Seating up to 750, ConstellationCenter’s second largest hall will be the only fully-functioning Baroque opera house in North America, and the first built anywhere in well over a century.  The Odeon serves as an opera house and playhouse, a symphony hall, a wide screen cinema, as well as a venue for jazz, folk, world music and new music.  The design of this hall will take on a horseshoe shape with gently arced rows of seating in three tiers of balconies above the main floor.  The hall provides a sophisticated stage with mechanized systems to effortlessly transform the house for various performance modes.   

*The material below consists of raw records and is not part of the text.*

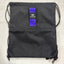 Orange Mud, LLC Packs Black with Purple Strap Sling Bag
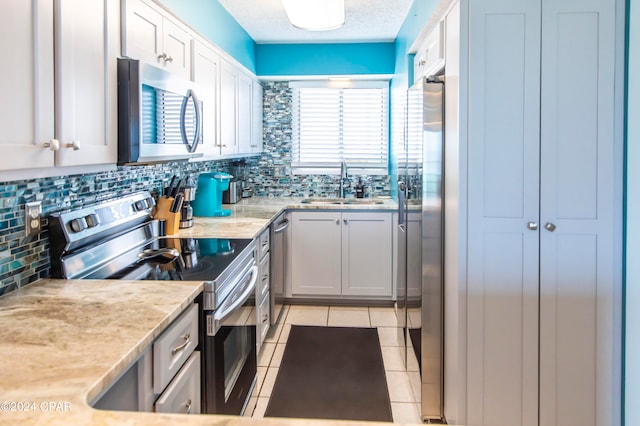 kitchen featuring white cabinetry, tasteful backsplash, sink, appliances with stainless steel finishes, and light tile patterned flooring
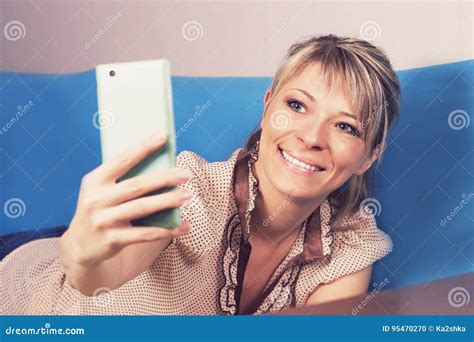 Fille Blonde Mignonne Sur Le Sofa Elle Regarde Son Smartphone Et Fait Un Selfie Photo Stock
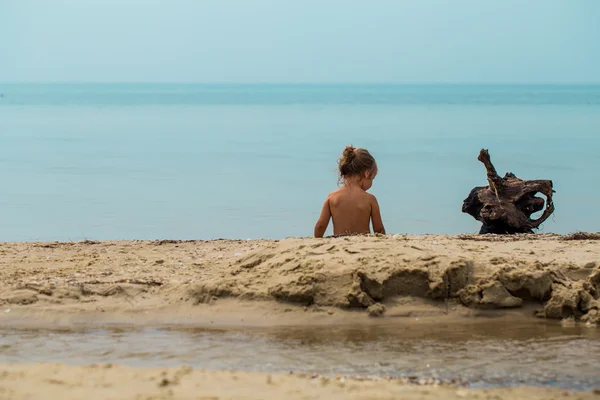 Niña desnuda juega en el mar, hermosa playa — Foto de Stock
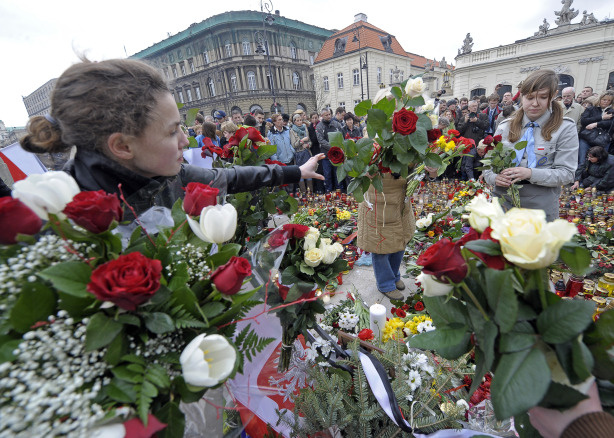 People carry flowers in front of the Presidential Palace in Warsaw on April 10, 2010, as they gather to pay tribute after the crash of the Presidential plane in Smolensk. A plane carrying Polish president Lech Kaczynski and much of the country's military and state elite crashed in thick fog in Russia on Saturday killing all 96 people on board in a blazing inferno.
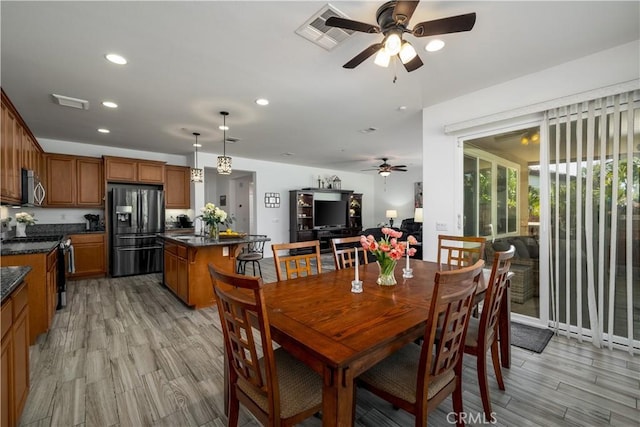 dining space with a ceiling fan, visible vents, recessed lighting, and light wood-type flooring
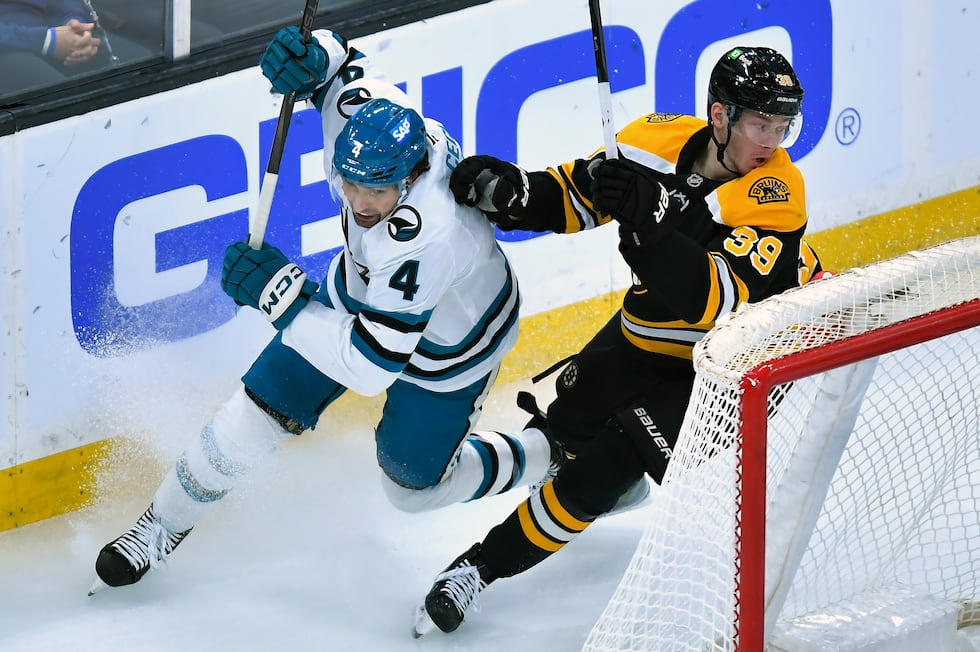 San Jose Sharks defenseman Cody Ceci (4) and Boston Bruins center Morgan Geekie (39) vie for...
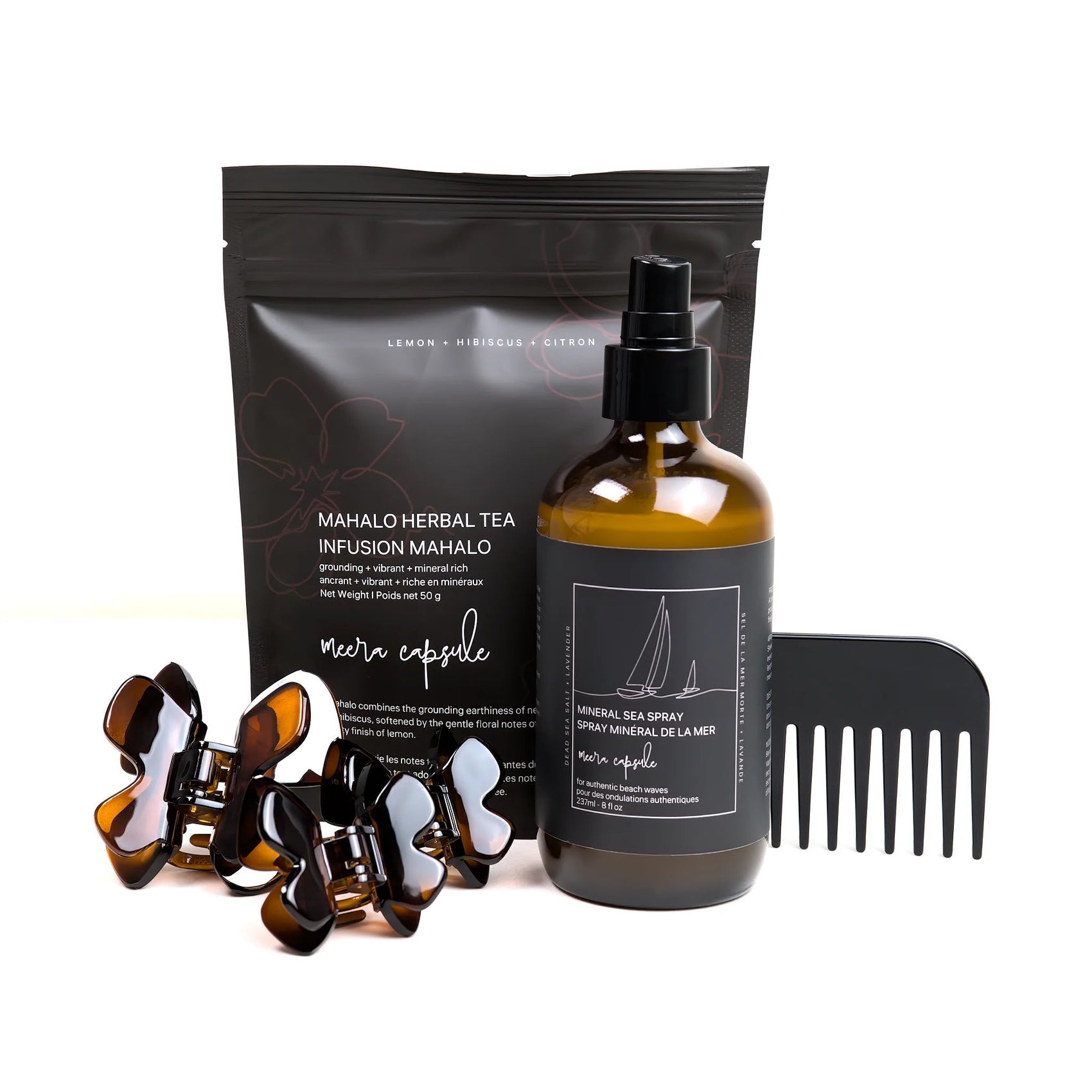 Phoebe Beach Capsule in Deep Amber — Meera summer bundle with Phoebe tortoise clips, Mineral Sea Spray, and Mahalo Herbal Tea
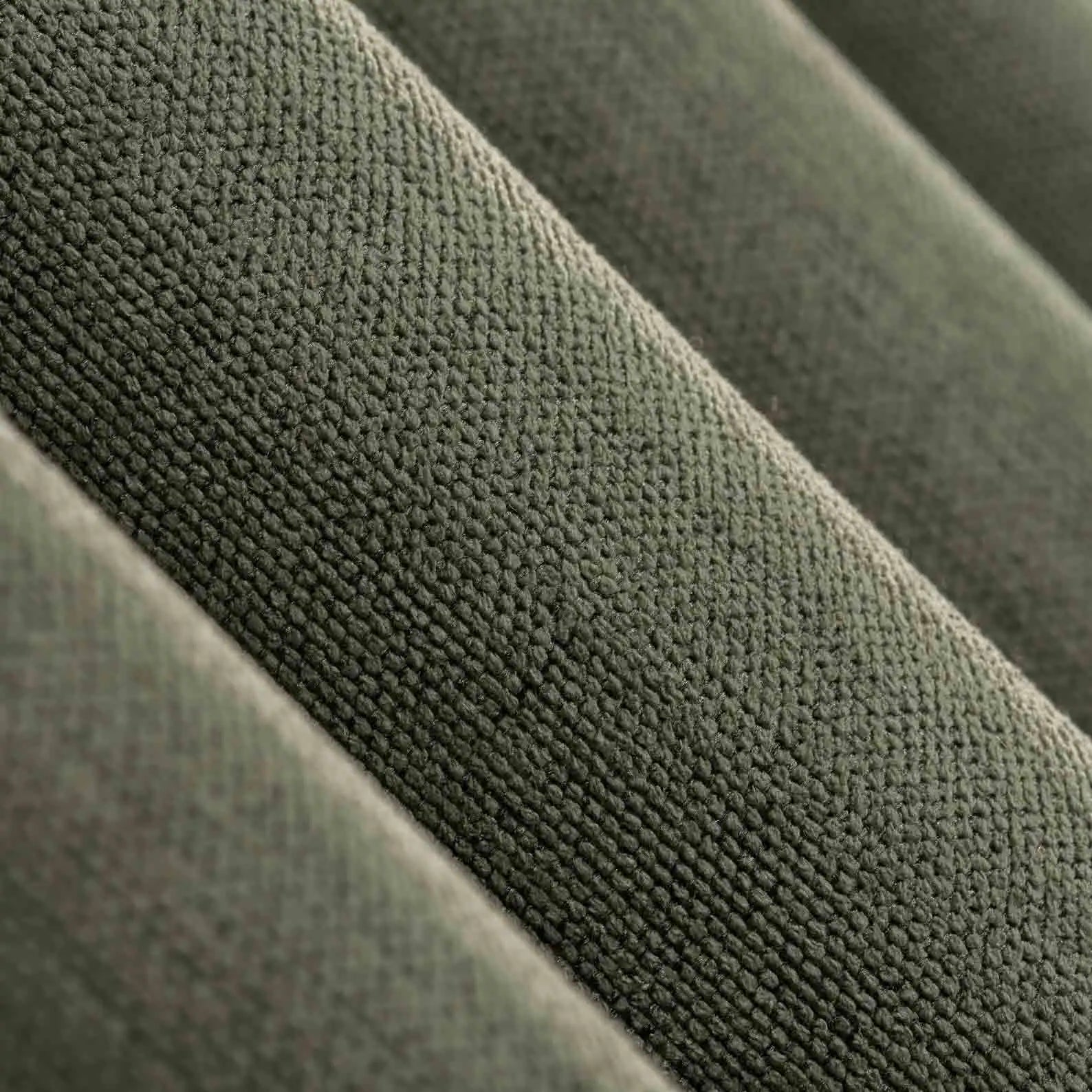 Close-up view of the linen texture and pleats of 100% Blackout Pleated Linen Curtain Panels in Olive Green.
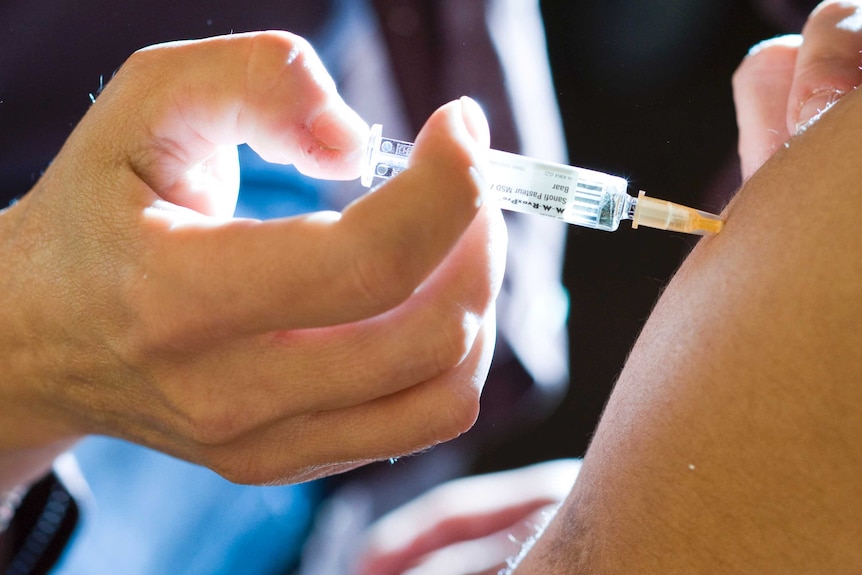 A measles injection being given.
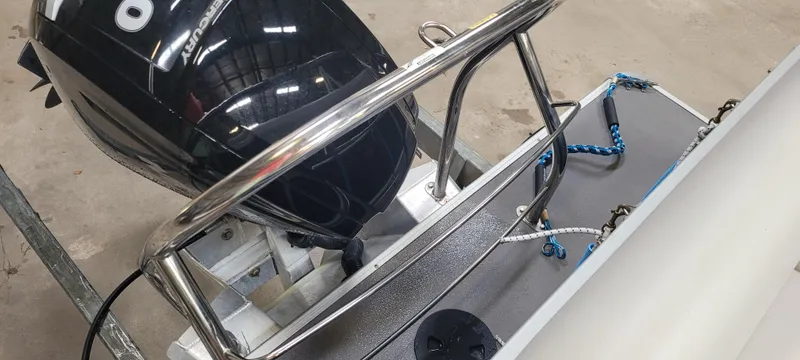 Slide: The Image of 2022 Godfrey Sweetwater SW2086 boat motor and deck with safety railings. - 6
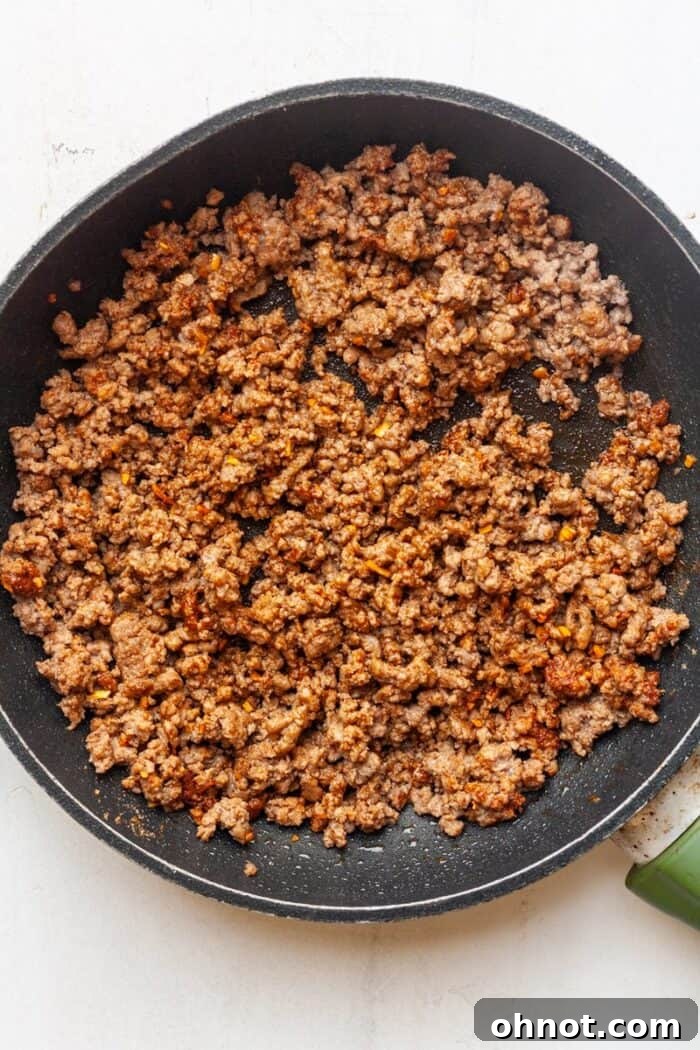 Taco beef simmering with water and a blend of vibrant seasonings in a skillet, absorbing flavors.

An Opera House and Playhouse
Watching Orpheus descend into Hell to save Eurydice, his love, is a seminal experience for any opera lover.  Opera as an art form was only two years old when Jacopo Peri staged his Euridice in Florence in 1600.  Dozens of other composers, including Rossi, Gluck, Haydn, Offenbach and Philip Glass, followed Peri in setting the Orpheus story to music.   The Odeon will allow vibrant realizations of these works, and many more, in ways that other available halls cannot.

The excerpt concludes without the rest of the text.